- The sports page of the Baton Rouge Advocate on November 10, 2002, the day after the "Bluegrass Miracle." The top photo shows Kentucky defenders deflecting the pass, and the large center photo shows LSU wide receiver Devery Henderson right after catching the pass for the walk-off touchdown.
- Date: November 9, 2002
- Season: 2002
- Stadium: Commonwealth Stadium
- Location: Lexington, Kentucky
- Referee: Steve Shaw

United States TV coverage
- Network: Jefferson Pilot Sports (regionally syndicated)
- Announcers: Dave Neal (play-by-play); Dave Archer (color analogy); Dave Baker (sideline reporter);

= Bluegrass Miracle =

The Bluegrass Miracle was a 74-yard game-winning touchdown pass by the No. 16 LSU Tigers with no time left on the clock against the Kentucky Wildcats on November 9, 2002, at Commonwealth Stadium in Lexington, Kentucky. The ball was tipped by a Kentucky player before being caught at the 15-yard line by Devery Henderson of LSU, who ran it in for the walk-off touchdown.

==Background==
Kentucky, the home team, was the underdog to the defending SEC champion Tigers. LSU was ahead by as many as 14 points at one point and led 24–14 after a field goal with 13:58 left in the fourth quarter, but Kentucky came back with a 13–3 run to tie it at 27. However, a Kentucky player called the Wildcats' last timeout on first down from the LSU 11 with 15 seconds left on the clock, and rather than risking a turnover or a tackle within the field of play that would leave the clock running and the Wildcats unable to line up to spike the football, head coach Guy Morriss opted to send kicker Taylor Begley out to kick a 29-yard field goal, giving the Wildcats a 30–27 lead with 11 seconds left on the clock. LSU got the ball back, but the ensuing kickoff pinned the team at its own 9-yard line. On the first play of the series, the Tigers quickly got the ball to their own 26-yard line on a pass from quarterback Marcus Randall to wide receiver Michael Clayton. An LSU timeout stopped the clock with 2 seconds left, and set up a desperation Hail Mary pass. The chances for success were considered slim because Randall's arm was not strong enough to reach the opponent's end zone from 70+ yards away. Kentucky players were so confident that they had won the game that they gave Morriss a Gatorade bath before the final play had taken place.

==The play==

Randall, as time expires, lets it fly...OH, MY GOODNESS! TOUCHDOWN, LSU! They win the game! They win the football game!
— Dave Neal's call of the play on Jefferson Pilot Sports.
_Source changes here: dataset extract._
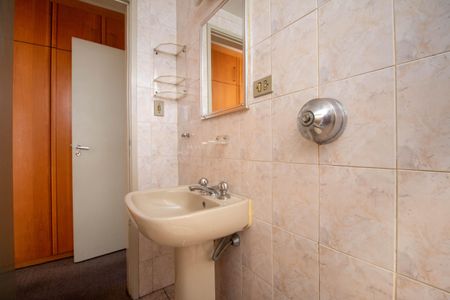 Apartamento à venda com 81m², 3 quartos e 1 vagaBanheiro Suíte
On the final play of the game, LSU called the play "Dash Right 93 Berlin". Tigers quarterback Marcus Randall took the ball and threw it from his own 18 yard line as far as he could downfield. Soon after Randall released the ball, triumphant Kentucky fans stormed the field around Randall. The pass was 25 yards short of the end zone. However, the ball was deflected off the hand of a Kentucky player between the Kentucky 30 and 25 yard lines and fell into the hands of LSU wide receiver Devery Henderson just short of the 15-yard line. Henderson broke an attempt at a shoestring tackle by the last Kentucky defender and ran into the end zone for the game-winning touchdown.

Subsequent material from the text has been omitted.